### INPUT DATA
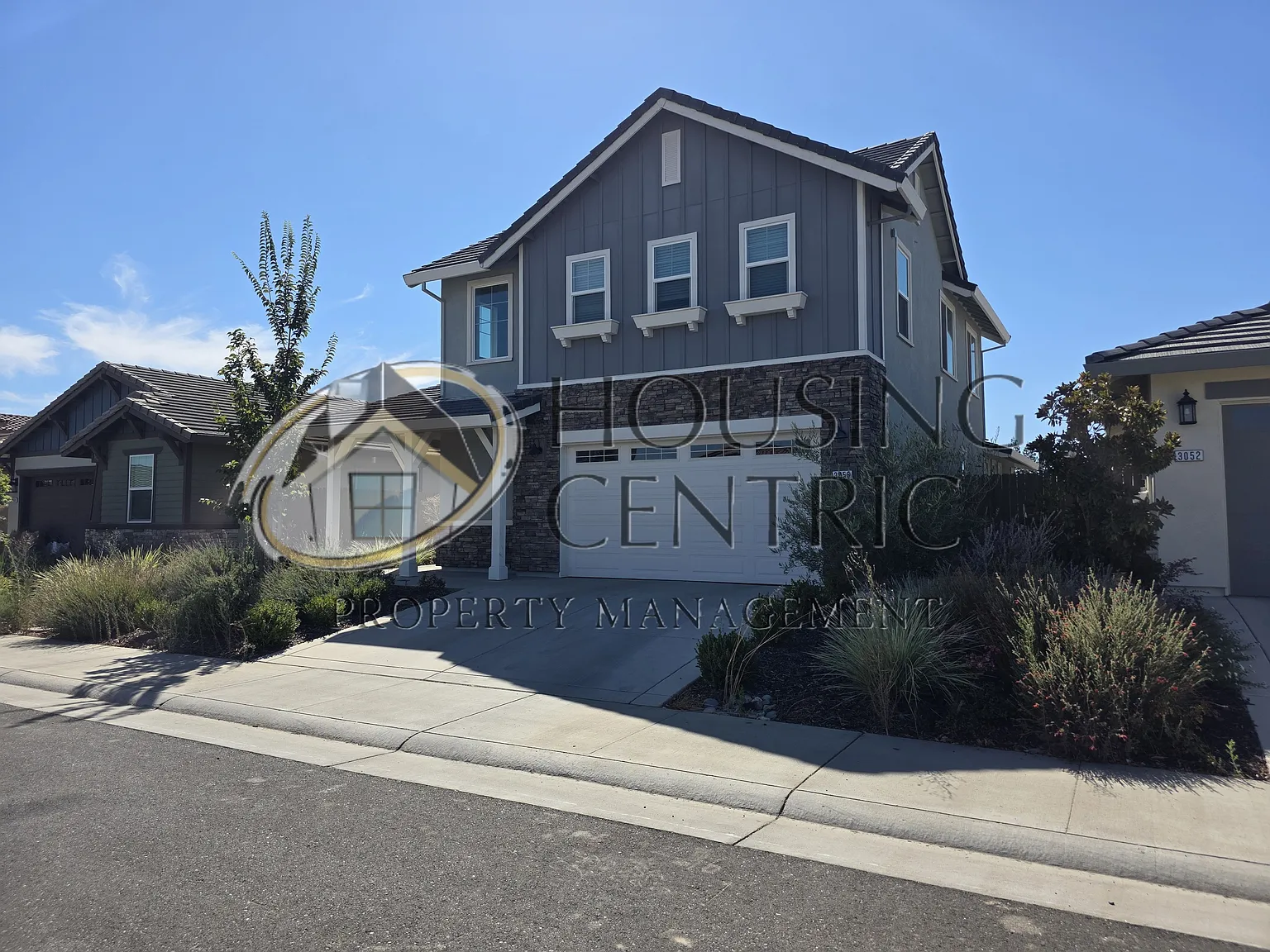 4 bed, 2.5 bath, 2353 sqft, $4,200 — Photo 2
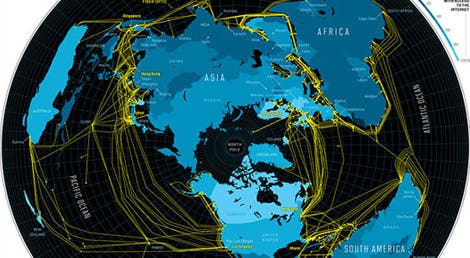 Mais de 250 cabos submarinos formam a rede mundial de internet. Foto: CC/Sam_Churchill Mais de 250 cabos submarinos formam a rede mundial de internet. Foto: CC/Sam_Churchill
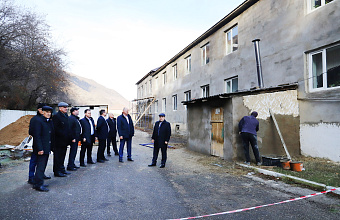 Единороссы проверили ход капремонта в Хучнинской школе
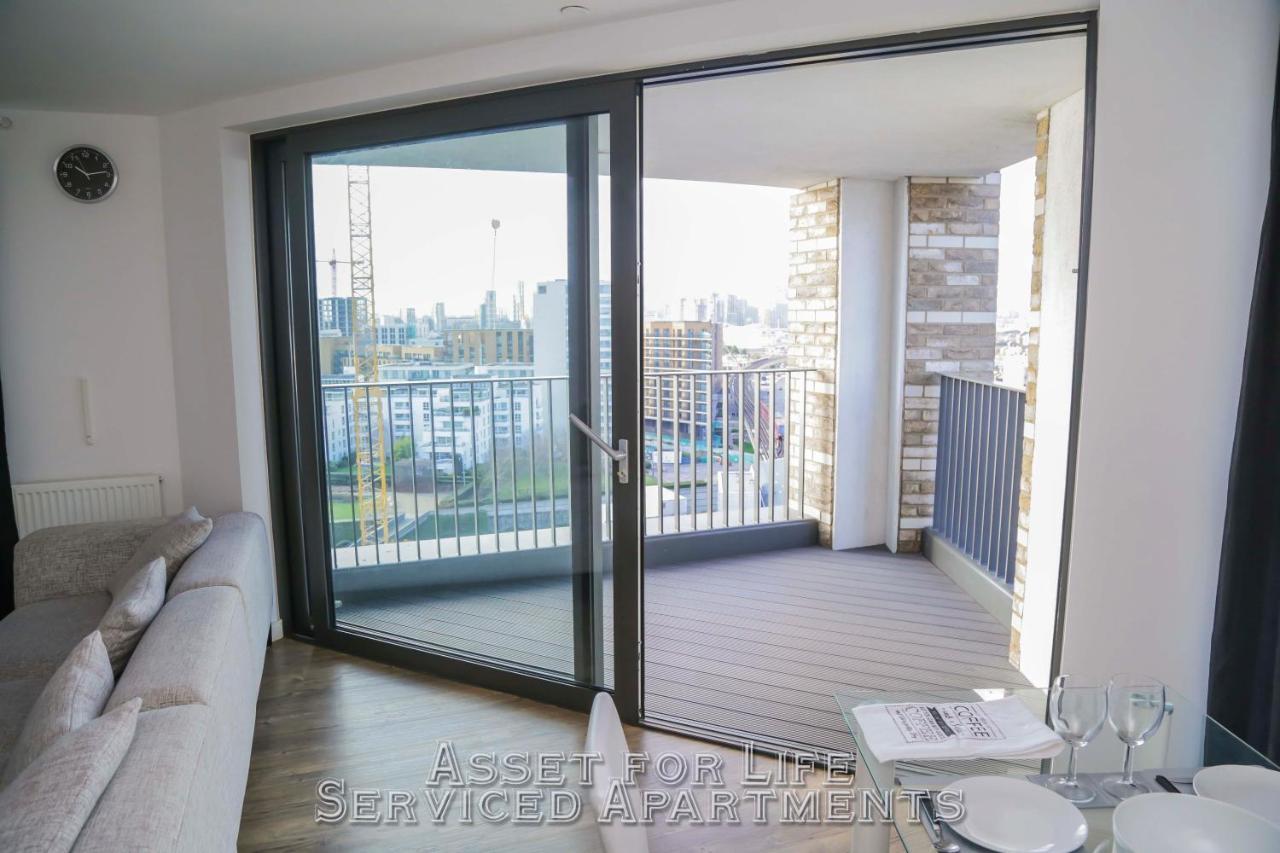 Pontoon Dock Key Workers Apartment 伦敦 外观 照片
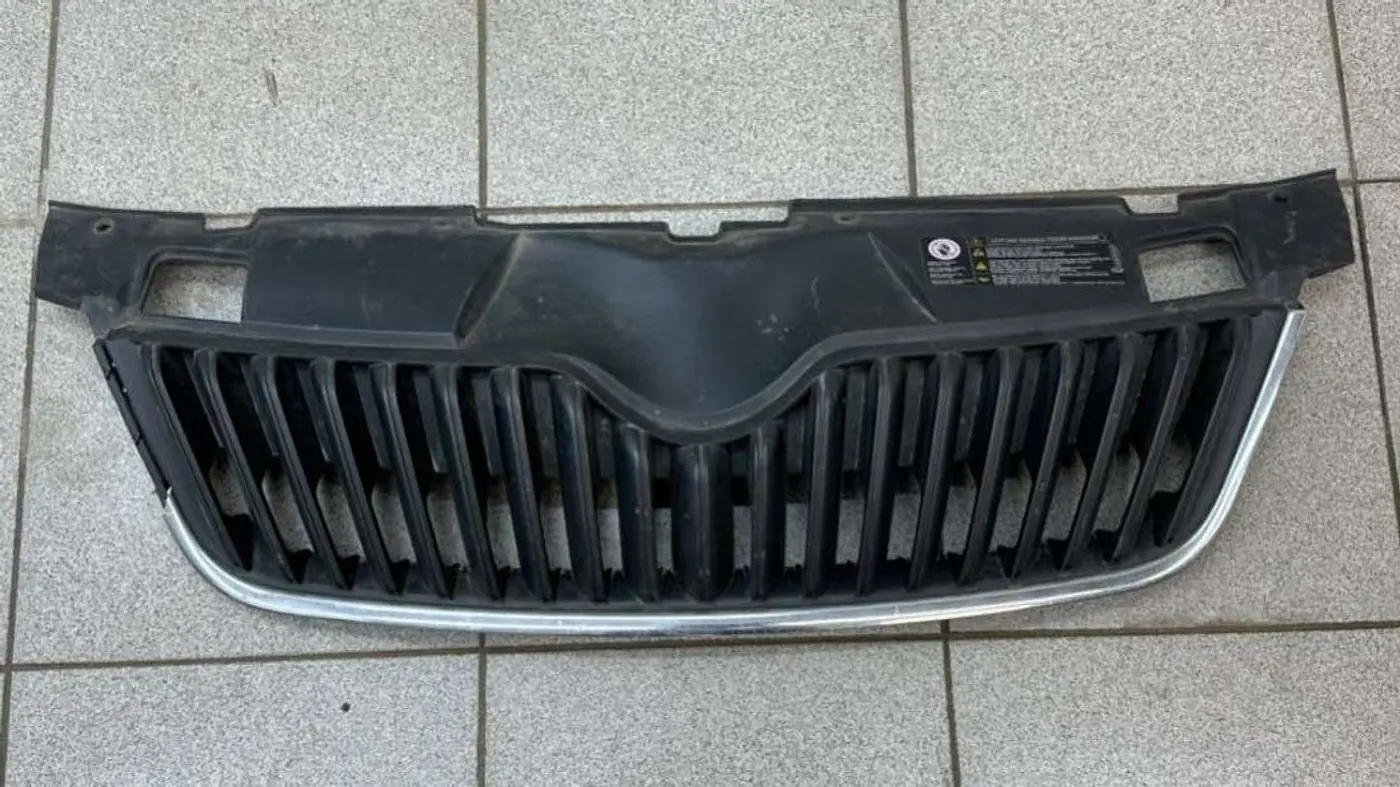 Решетка радиатора к Skoda Roomster 2008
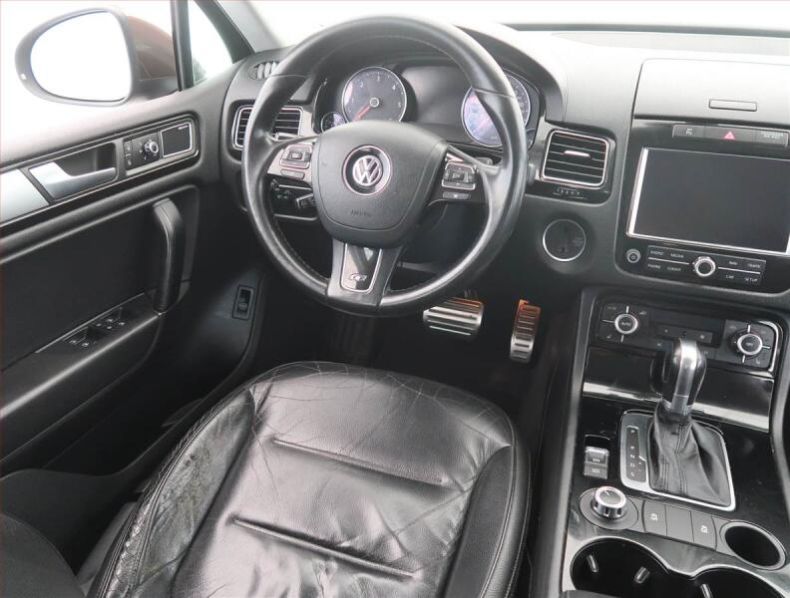 Volkswagen Touareg - hlavní fotka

### EXERCISE PROMPT
Everything from the line with "Pontoon Dock Key Workers Apartment 伦敦 外观 照片" through the last line of the listing above is to be copied exactly, both ends included, except the pictures.

### PROBLEM SOLUTION
 Pontoon Dock Key Workers Apartment 伦敦 外观 照片
 Решетка радиатора к Skoda Roomster 2008
 Volkswagen Touareg - hlavní fotka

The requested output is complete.